Randall’s Adventure Training (RAT), formed by Jeff Randall and Mike Perrin, is a professional, survival training, expedition guiding, and outdoor gear research team based in Alabama with operations in Latin America and is considered to be a leading authority in the research, testing, and design of remote adventure and survival gear. Therefore, in 2002, the Ontario Knife Company entered into an exclusive agreement with Randall’s Adventure Training to produce both the RAT and TAK series of knives for hard-core adventurers, civilians, and professional soldiers around the world and thus, RAT Knives (now known as ESSE Knives) have served in Afghanistan, Iraq, and many non-publicized conflicts around the globe.

However, while the Ontario RTAK II appears to be very similar to the “Junglass” knife produced by ESSE, one significant difference is that Ontario’s RTAK II is made from SAE grade 5160 high carbon tool steel which contains 0.56% – 0.64% Carbon, 0.70% – 0.90% Chromium, and  0.75% – 1.0% Manganese whereas the ESSE Junglass is made from SAE grade 1095 which contains 0.90% – 1.03% Carbon and 0.30% – 0.50% Manganese. Also, according to the SAE Steel Grade scale, 51 series steel is better quality steel than the 10 series (1055, 1080, 1095, ect.) due to the addition of the small amount of Chromium which the 10 series lacks but, 5160’s lower Carbon content makes it softer than 1095 and its higher Manganese content makes it tougher than 1095 and thus, 5160 is not likely to hold an edge as well as 1095 but, it will have greater impact resistance so the edge is less likely to chip and the blade is less likely to snap. In addition, the OCK RTAK II knife is a half an inch longer and has a slightly thicker spine than the ESSE Junglass and it has a foliage green powder coat instead of the black powder coat featured on the ESSE Junglass.

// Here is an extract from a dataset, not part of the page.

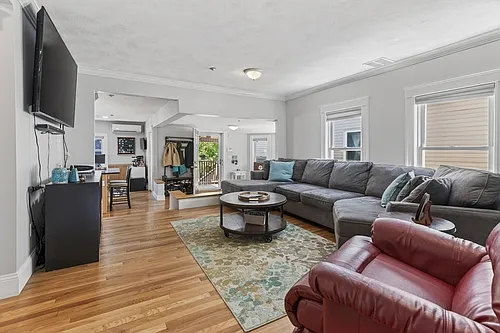 17B Bonair St #17B Photo 1 17B Bonair St #17B Photo 1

Other than that, I can find no significant difference between the two knives other than the fact the RTAK II is much cheaper than the ESSE Junglass. Furthermore, it is important to note that non-stainless steels such as 5160 are more prone to corrosion and thus, the exposed edge of the RTAK II will require more attention to keep it corrosion free. Plus, it is important to note that the 5160 high carbon tool steel used on the Ontario RTAK II has a medium Rockwell Hardness of 54-56 and thus, it will be easier to sharpen in the field than most stainless steels but, the edge will require more frequent attention. In addition, although the Flat Grind featured on the blade represents a compromise between a Saber Grind and a Hollow Grind in that it is sharper than a Saber Grind and tougher than a Hollow Grind so that it will slice through foliage with ease and bite deeply into green wood, it is a weaker edge than a Saber Grind which will also cause the edge to need retouching more frequently.

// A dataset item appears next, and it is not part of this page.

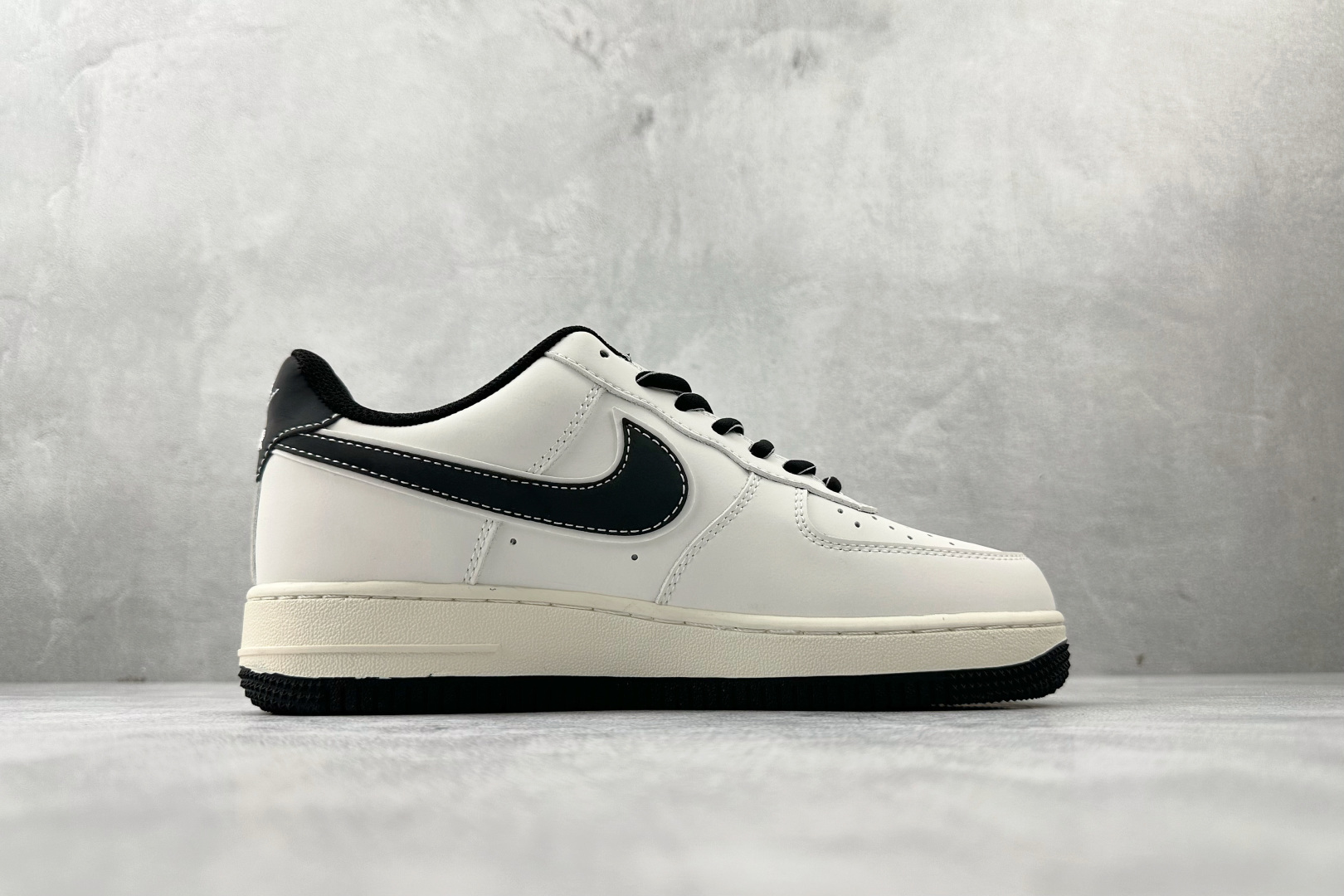 Nike Air Force 1 07 斯图西 联名 黑白 CS5288-037 Nike Air Force 1 07 斯图西 联名 黑白 CS5288-037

Furthermore, the back of the cutting edge features a short ricasso that places the back of the edge very close to the user’s hand for greater leverage when plunge cutting and carving. Plus, the handle features a very ergonomic and hand filling shape that is perfect for heavy duty use and is made from tan colored canvas Micarta which is one of my favorite handle scale materials because it is an extremely tough material that is highly abrasion resistant and is impervious to cracking, spitting, or chipping and is also impervious to the absorption of moisture. Furthermore, the tang of the knife is exposed at the pommel and a slot has been milled in it so that it serves as both an attachment point for a lanyard for times when losing one’s grip on the knife would make it unrecoverable and as a “glass breaker” in the event that you find yourself trapped in a downed aircraft.

In Conclusions:

Consequently, in my opinion, the OKC Ranger Tactical Assault Knife II (RTAK II) would serve well as both a camp knife and an excellent option for survival or bushcraft since it is made from quality materials that are well chosen for the particular purpose that this knife was designed for. In addition, it is large enough to serve as a dedicated chopping tool and yet, it is not so large that it is unbalanced or unwieldy. Consequently, it would be an excellent alternative to the ESSE Junglass especially when combined with a smaller general purpose knife such as an OKC RAT-5 or an OKC RAT-7.